### Directions
Could the listing below be returned exactly, with its pictures left out?

### Material shown
· · · ·

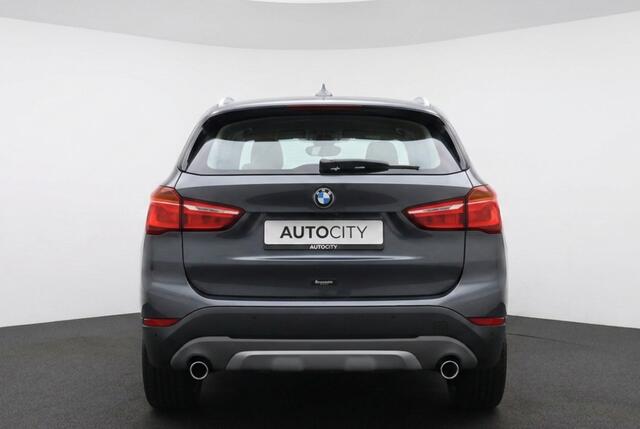 BMW X1 sDrive20i Orange Edition 192PK Panorama dak | Leder | HUD | Stoelverwarming
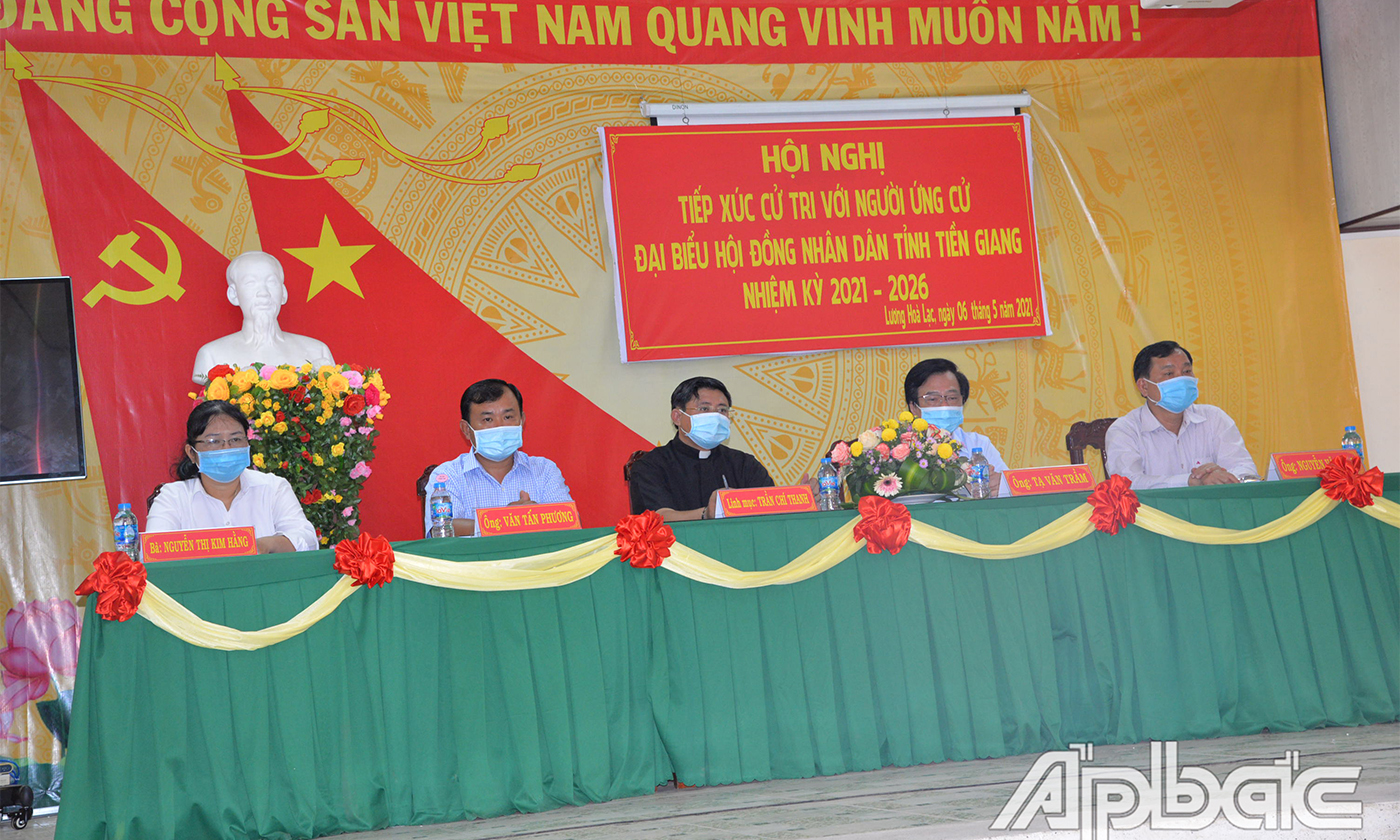 Quang cảnh buổi tiếp xúc cử tri của 5 ứng cử viên HĐND tỉnh Tiền Giang, đơn vị bầu cử số 15
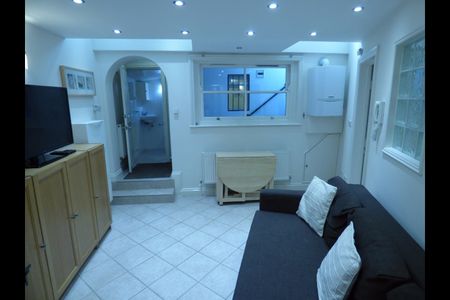 1 Bed Flat, St Lawrence Terrace, W10 - Photo 2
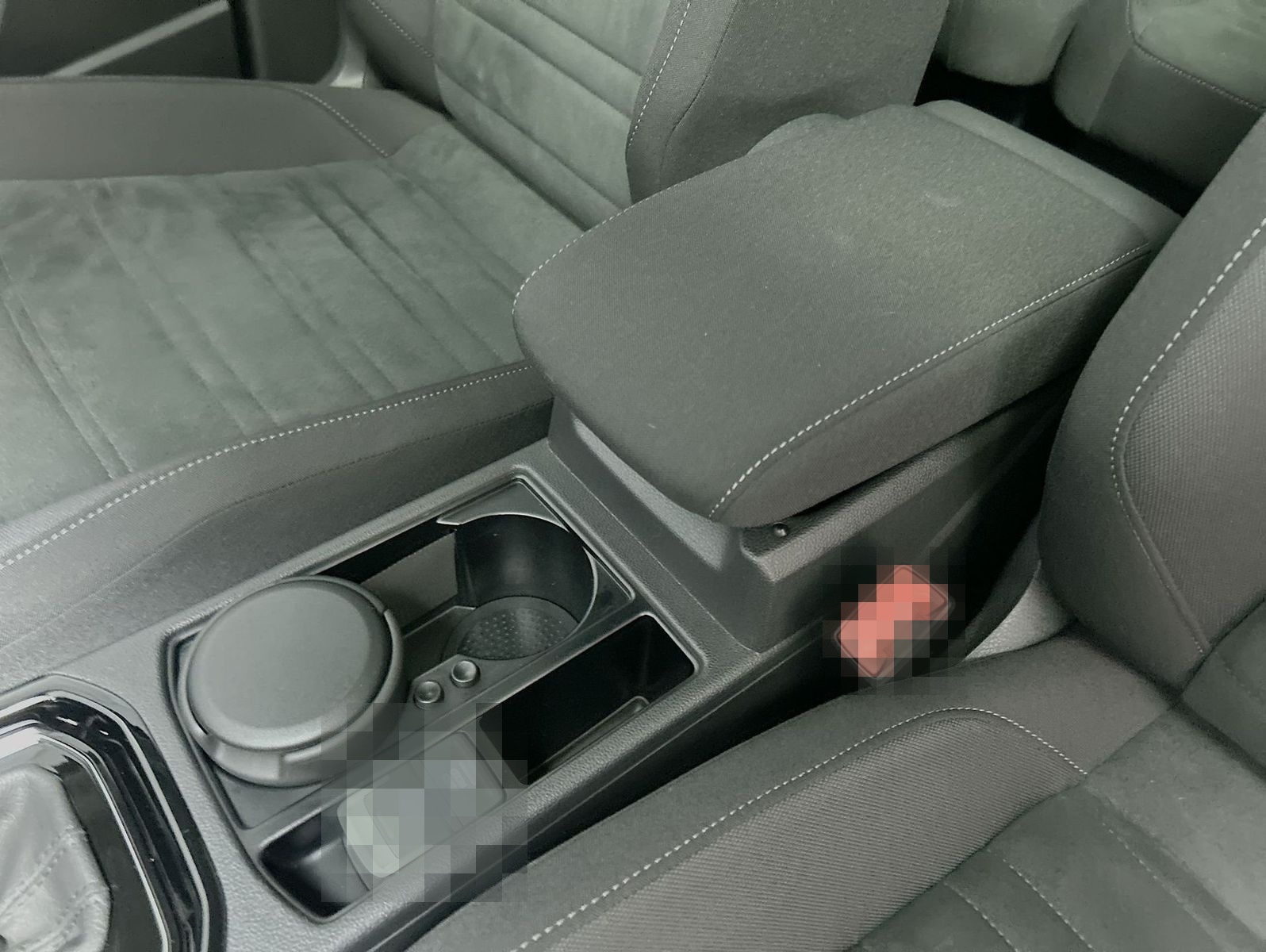 Volkswagen Touran 2.0 TDI DSG Highline foto 20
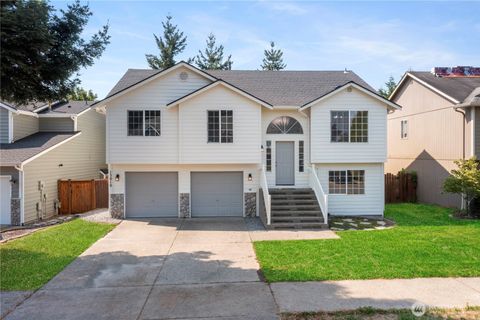 Photo of 15010 93rd Avenue E, Puyallup, WA 98375 (MLS # 2426604)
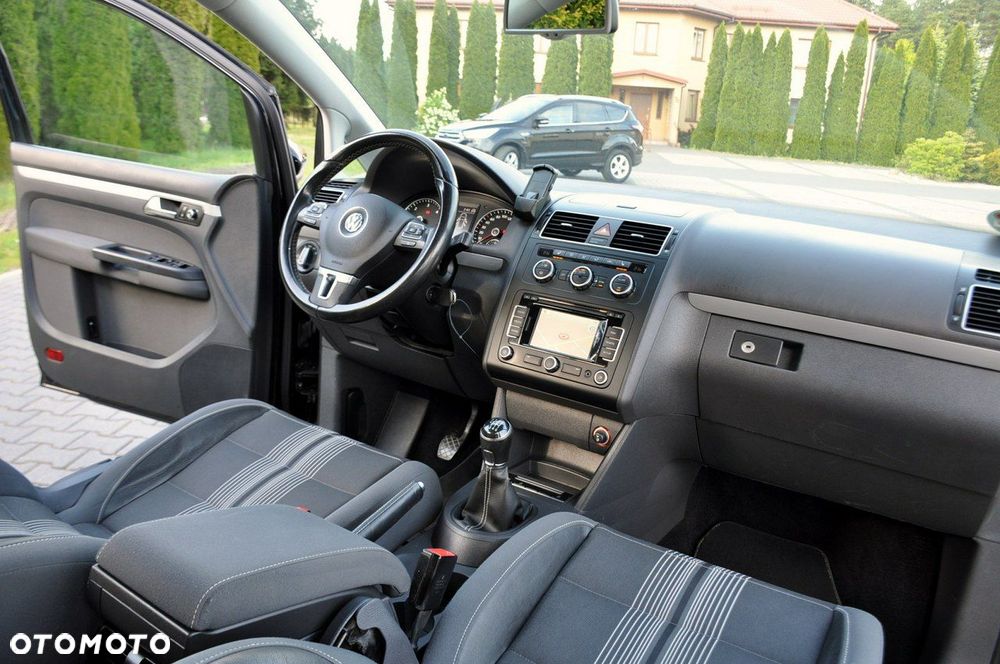 Volkswagen Touran - 26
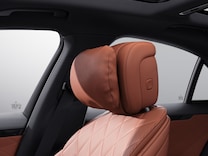 S-Class Long Luxury head restraints in the front
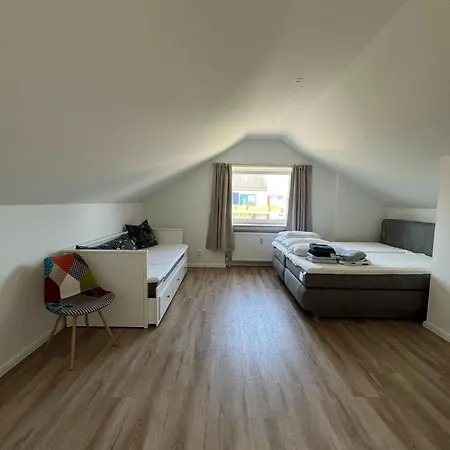 Sonnige Dachgeschosswohnung Apartment Niederdorla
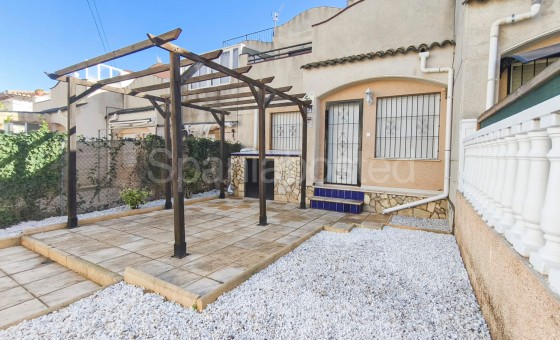 Apartamento - Segunda mano - Torrevieja - Torrevieja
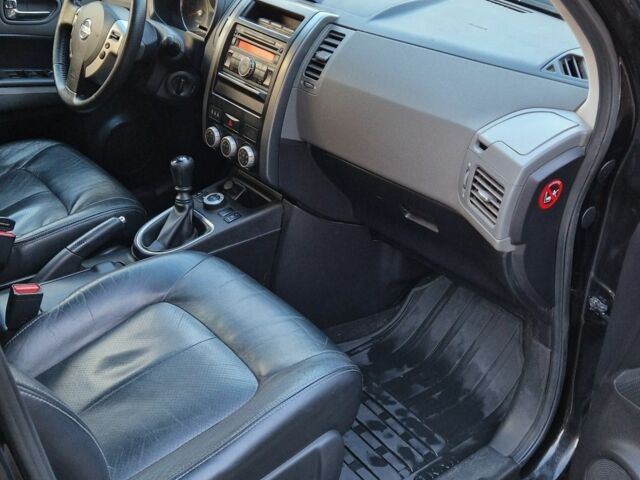 Черный Ниссан ИксТрейл, объемом двигателя 2.5 л и пробегом 340 тыс. км за 7299 $, фото 8 на Automoto.ua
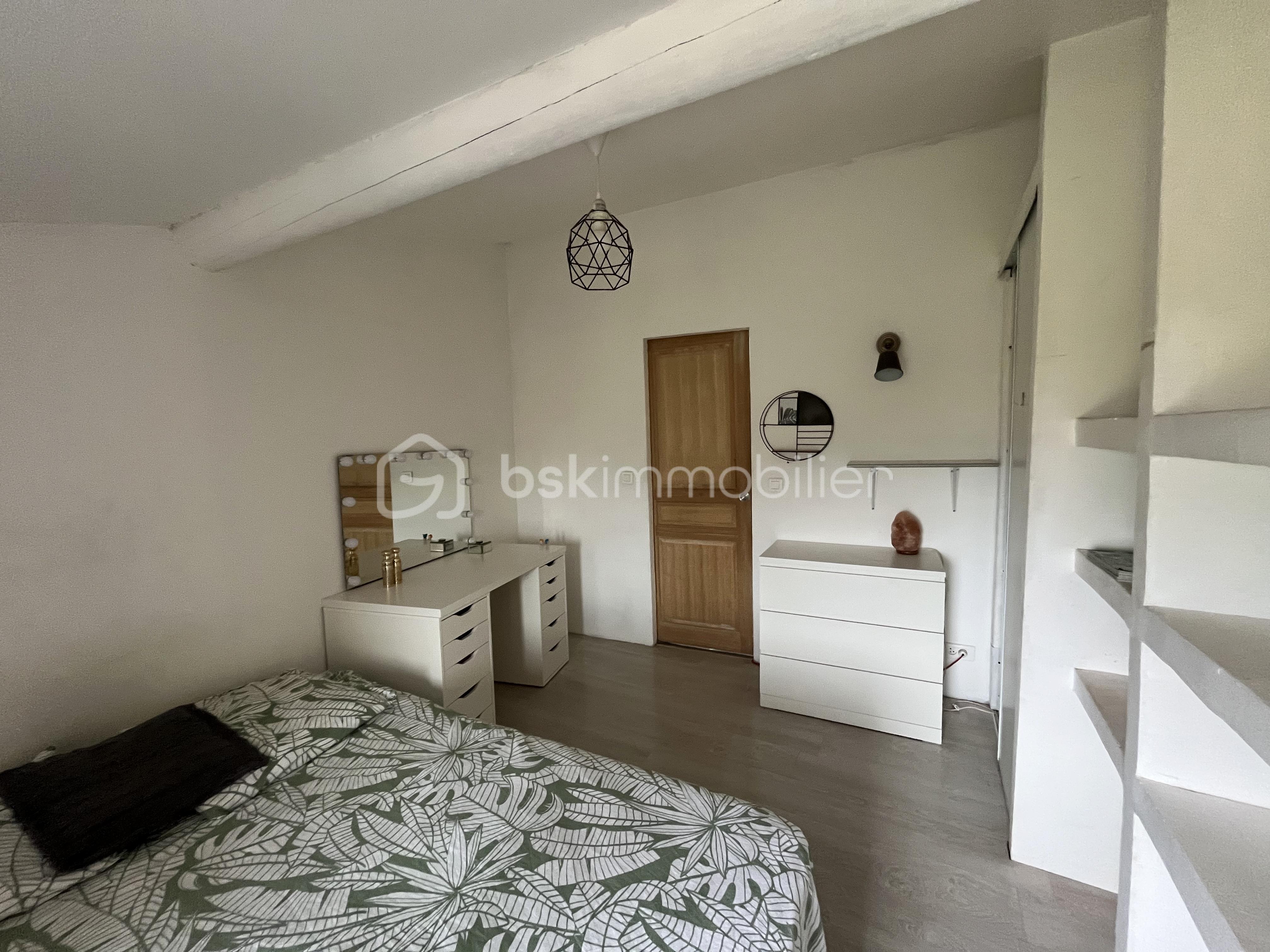 Maison de village de 116 m² - CHAMBRE 1.jpg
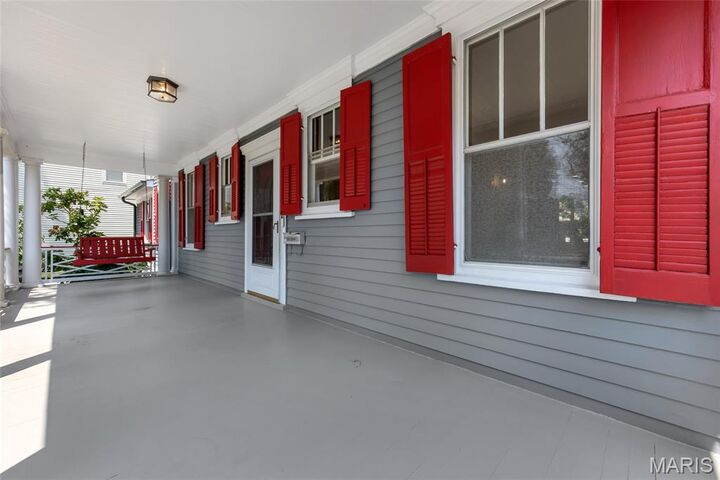 Property Photo: 231 E Argonne Drive MO 63122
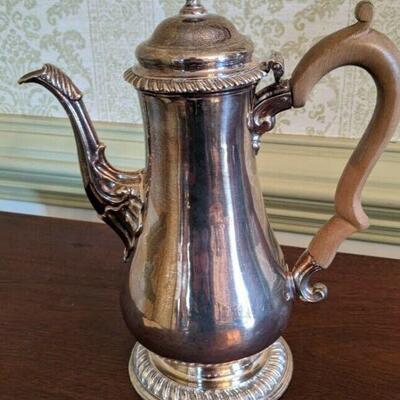 18th c. Sterling Silver Coffee / Tea Pot by Thomas Whipman & Charles Wright London 1761 Hallmarked SHIPPING AVAILABLE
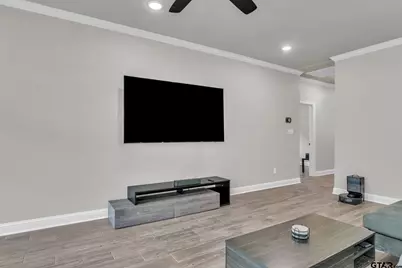 820 Lindsey Ln, Whitehouse, TX 75791 - Photo 5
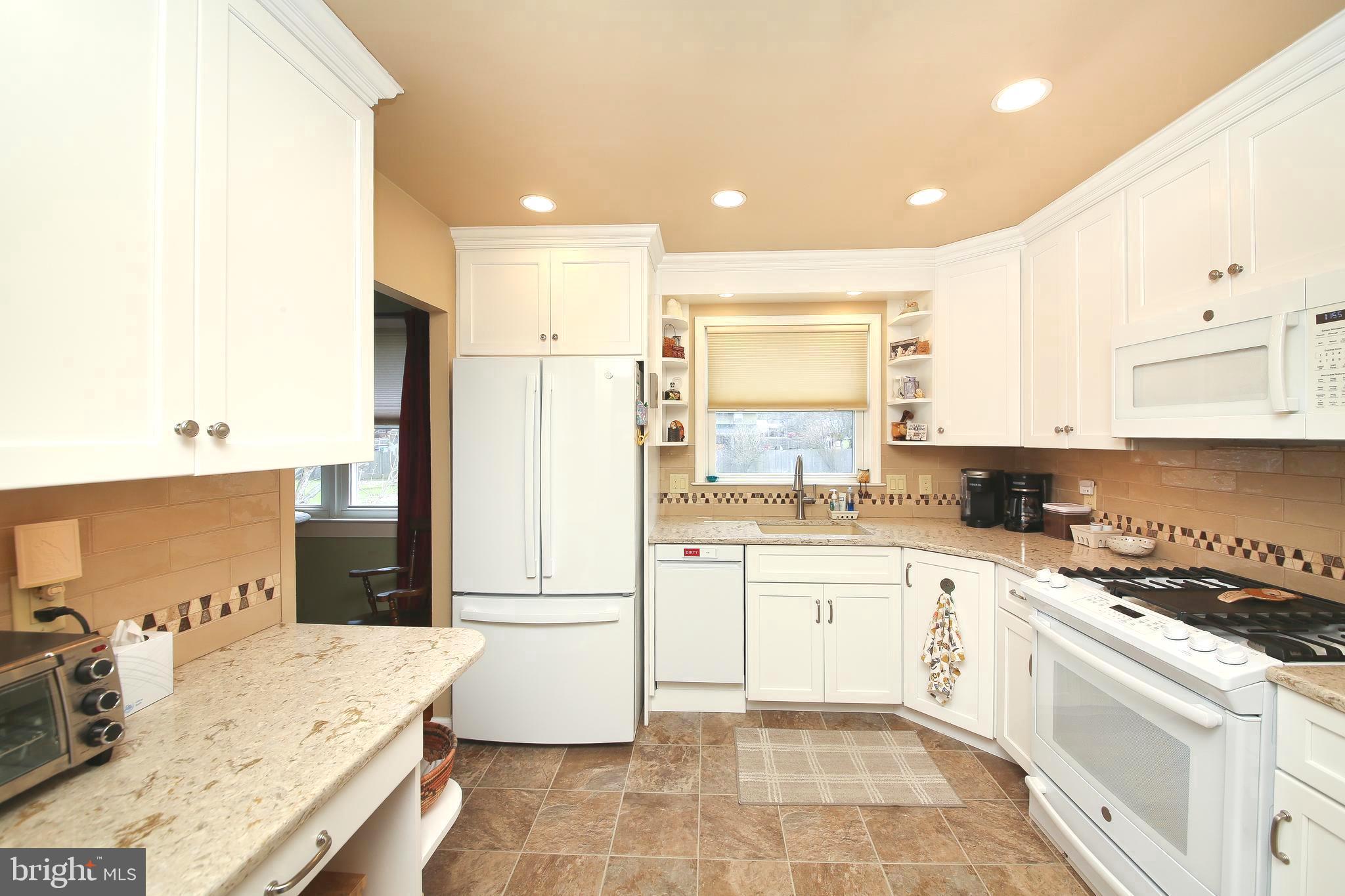 WOODS EDGE - Residential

· · · ·

### Solution
 BMW X1 sDrive20i Orange Edition 192PK Panorama dak | Leder | HUD | Stoelverwarming
 Quang cảnh buổi tiếp xúc cử tri của 5 ứng cử viên HĐND tỉnh Tiền Giang, đơn vị bầu cử số 15
 1 Bed Flat, St Lawrence Terrace, W10 - Photo 2
 Volkswagen Touran 2.0 TDI DSG Highline foto 20
 Photo of 15010 93rd Avenue E, Puyallup, WA 98375 (MLS # 2426604)
 Volkswagen Touran - 26
 S-Class Long Luxury head restraints in the front
 Sonnige Dachgeschosswohnung Apartment Niederdorla
 Apartamento - Segunda mano - Torrevieja - Torrevieja
 Черный Ниссан ИксТрейл, объемом двигателя 2.5 л и пробегом 340 тыс. км за 7299 $, фото 8 на Automoto.ua
 Maison de village de 116 m² - CHAMBRE 1.jpg
 Property Photo: 231 E Argonne Drive MO 63122
 18th c. Sterling Silver Coffee / Tea Pot by Thomas Whipman & Charles Wright London 1761 Hallmarked SHIPPING AVAILABLE
 820 Lindsey Ln, Whitehouse, TX 75791 - Photo 5
 WOODS EDGE - Residential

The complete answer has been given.